EgyptFeatures/Interviews

Vote counting underway in historic Egypt election

Following two days of voting, vote counting began Thursday at 9 pm in the election that will determine Egypt’s next president.

Unless one of the 13 candidates achieves more than 50 percent of the vote, runoff elections are expected for 16 and 17 June. Polls conducted before voting began varied widely, with the election appearing to be a toss-up between five leading candidates.

The results are still extremely preliminary because votes are being counted and can later be appealed, but Egypt Independent reporters’ access to ten polling stations in scattered locations across the country provides some insight into the count that determines the Egypt’s future.

At polling stations around the country, plastic ballot boxes are being unloaded by judicial officials, who then count out each vote individually while an assistant keeps tally on a lined piece of paper. The specifics, however, are varying widely across different polling stations.

At the largest polling station in Arish, the capital of North Sinai, the judge presiding over the polling station considers a ballot invalid if anything other than a check mark is written next to a candidate’s name. At a polling station in the middle class Cairo neighborhood of Sayeda Zeinab, however, the presiding judge considers any demonstration of a voter’s clear intention as a valid ballot. At a polling station in Ard al-Lewa, an infromal neighborhood in Giza, any writing voids the ballot.

Meanwhile, in a sweltering hot school in Old Cairo, the judge and his assistants stacked ballots by candidate before beginning counting. The process took over an hour but sped up the counting process.
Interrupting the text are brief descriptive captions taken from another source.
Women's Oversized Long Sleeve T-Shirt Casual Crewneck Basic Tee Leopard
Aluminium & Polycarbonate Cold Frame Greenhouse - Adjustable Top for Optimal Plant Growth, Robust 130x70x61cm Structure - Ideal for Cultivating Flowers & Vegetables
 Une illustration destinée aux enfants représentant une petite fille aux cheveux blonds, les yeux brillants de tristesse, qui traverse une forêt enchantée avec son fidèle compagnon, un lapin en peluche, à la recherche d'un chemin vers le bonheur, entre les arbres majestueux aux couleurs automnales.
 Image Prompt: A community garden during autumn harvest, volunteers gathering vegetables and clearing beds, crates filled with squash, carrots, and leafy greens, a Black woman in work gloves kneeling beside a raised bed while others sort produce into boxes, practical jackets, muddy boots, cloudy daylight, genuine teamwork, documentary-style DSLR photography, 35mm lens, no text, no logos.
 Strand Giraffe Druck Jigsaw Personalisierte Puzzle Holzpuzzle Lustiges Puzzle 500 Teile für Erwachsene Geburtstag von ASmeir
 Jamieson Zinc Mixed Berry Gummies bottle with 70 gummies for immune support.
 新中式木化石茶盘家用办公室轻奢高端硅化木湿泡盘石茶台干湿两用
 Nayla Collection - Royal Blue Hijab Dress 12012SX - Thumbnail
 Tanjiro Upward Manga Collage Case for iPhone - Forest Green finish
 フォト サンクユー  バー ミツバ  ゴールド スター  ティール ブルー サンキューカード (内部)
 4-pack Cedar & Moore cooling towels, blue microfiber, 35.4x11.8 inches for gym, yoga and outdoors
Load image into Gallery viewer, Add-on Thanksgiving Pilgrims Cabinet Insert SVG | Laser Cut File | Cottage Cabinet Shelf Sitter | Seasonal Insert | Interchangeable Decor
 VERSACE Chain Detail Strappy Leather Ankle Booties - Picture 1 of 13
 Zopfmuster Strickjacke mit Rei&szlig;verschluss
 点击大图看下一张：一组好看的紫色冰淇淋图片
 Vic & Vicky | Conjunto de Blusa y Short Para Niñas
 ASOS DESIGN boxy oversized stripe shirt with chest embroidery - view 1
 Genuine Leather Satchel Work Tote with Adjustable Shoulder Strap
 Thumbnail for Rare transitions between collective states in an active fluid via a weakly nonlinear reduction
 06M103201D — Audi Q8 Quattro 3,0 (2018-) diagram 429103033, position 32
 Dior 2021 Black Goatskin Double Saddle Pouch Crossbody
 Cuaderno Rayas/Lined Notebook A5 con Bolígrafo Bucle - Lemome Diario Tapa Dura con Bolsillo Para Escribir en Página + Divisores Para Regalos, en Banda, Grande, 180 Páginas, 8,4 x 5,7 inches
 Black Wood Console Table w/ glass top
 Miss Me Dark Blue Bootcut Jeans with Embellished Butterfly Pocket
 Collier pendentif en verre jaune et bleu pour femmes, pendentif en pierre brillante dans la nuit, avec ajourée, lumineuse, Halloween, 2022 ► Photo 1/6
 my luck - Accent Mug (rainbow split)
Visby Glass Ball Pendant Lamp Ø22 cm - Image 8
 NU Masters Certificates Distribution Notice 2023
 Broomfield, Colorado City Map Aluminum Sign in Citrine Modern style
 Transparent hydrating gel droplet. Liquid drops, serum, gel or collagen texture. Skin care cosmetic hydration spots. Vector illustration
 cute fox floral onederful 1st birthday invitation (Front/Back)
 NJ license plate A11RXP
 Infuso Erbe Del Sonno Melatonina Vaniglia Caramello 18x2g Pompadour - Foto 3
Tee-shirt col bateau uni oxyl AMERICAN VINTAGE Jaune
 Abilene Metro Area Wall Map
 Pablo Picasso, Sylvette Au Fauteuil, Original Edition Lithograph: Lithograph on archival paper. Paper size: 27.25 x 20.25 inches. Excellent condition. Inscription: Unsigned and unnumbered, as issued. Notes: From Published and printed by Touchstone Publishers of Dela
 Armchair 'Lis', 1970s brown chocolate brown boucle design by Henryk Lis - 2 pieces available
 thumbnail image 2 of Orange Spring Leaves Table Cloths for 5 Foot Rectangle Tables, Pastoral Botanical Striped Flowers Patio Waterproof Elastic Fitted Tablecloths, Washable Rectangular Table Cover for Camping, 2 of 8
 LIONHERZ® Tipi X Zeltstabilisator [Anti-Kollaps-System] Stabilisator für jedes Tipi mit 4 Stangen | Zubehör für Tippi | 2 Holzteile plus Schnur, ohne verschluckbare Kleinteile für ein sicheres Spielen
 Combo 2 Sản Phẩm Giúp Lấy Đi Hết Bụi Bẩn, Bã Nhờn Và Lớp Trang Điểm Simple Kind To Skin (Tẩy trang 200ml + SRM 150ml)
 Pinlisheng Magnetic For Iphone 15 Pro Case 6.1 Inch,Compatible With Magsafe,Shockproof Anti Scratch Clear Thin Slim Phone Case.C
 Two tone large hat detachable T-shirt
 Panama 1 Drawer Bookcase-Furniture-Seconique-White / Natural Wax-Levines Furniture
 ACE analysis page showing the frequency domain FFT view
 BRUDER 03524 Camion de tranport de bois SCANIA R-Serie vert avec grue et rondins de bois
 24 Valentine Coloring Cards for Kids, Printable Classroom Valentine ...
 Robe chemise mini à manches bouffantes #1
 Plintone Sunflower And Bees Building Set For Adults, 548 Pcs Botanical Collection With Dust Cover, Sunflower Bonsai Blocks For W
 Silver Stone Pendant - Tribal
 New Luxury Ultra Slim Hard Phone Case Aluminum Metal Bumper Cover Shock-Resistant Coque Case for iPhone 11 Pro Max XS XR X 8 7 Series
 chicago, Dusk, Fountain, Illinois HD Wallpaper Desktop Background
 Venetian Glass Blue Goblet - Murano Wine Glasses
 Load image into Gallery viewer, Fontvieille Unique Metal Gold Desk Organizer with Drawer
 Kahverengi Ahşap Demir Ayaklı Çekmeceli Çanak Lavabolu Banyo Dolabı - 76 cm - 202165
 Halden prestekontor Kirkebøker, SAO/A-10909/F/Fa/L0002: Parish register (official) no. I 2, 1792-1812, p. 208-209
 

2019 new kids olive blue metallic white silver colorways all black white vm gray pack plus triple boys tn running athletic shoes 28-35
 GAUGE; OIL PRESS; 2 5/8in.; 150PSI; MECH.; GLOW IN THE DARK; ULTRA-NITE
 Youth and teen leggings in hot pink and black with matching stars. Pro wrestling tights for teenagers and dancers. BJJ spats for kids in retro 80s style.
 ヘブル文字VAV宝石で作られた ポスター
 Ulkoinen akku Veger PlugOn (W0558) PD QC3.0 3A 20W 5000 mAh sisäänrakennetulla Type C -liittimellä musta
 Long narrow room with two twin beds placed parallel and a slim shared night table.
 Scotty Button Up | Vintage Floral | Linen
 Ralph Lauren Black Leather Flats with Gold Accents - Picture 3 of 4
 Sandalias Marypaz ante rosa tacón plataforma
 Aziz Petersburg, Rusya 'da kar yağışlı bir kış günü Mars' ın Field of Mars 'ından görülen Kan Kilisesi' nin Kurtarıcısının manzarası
At the Medina School in the Giza neighborhood of Dokki, the presiding judge is armed with a handgun.

In Ard al-Lewa, Nasserist candidate Hamdeen Sabbahi was winning in the poll by such a great degree that the presiding judge began to make puns on the candidate's name.

In addition to judges and government employees acting as support staff, each campaign is allowed to have two representatives oversee the voting process, though only the leading campaigns appear to be represented everywhere. Accredited journalists and election observers are also present in some instances.

Voter turnout appeared to be lower than anticipated across the country.

At the Basataeen polling station, 2,300 of 3,300 eligible voters cast ballots. At the Abdel Moneim Riyadh School, the largest polling station in the Upper Egyptian city of Qena with over 200,000 voters, turnout is not expected to exceed 50 percent.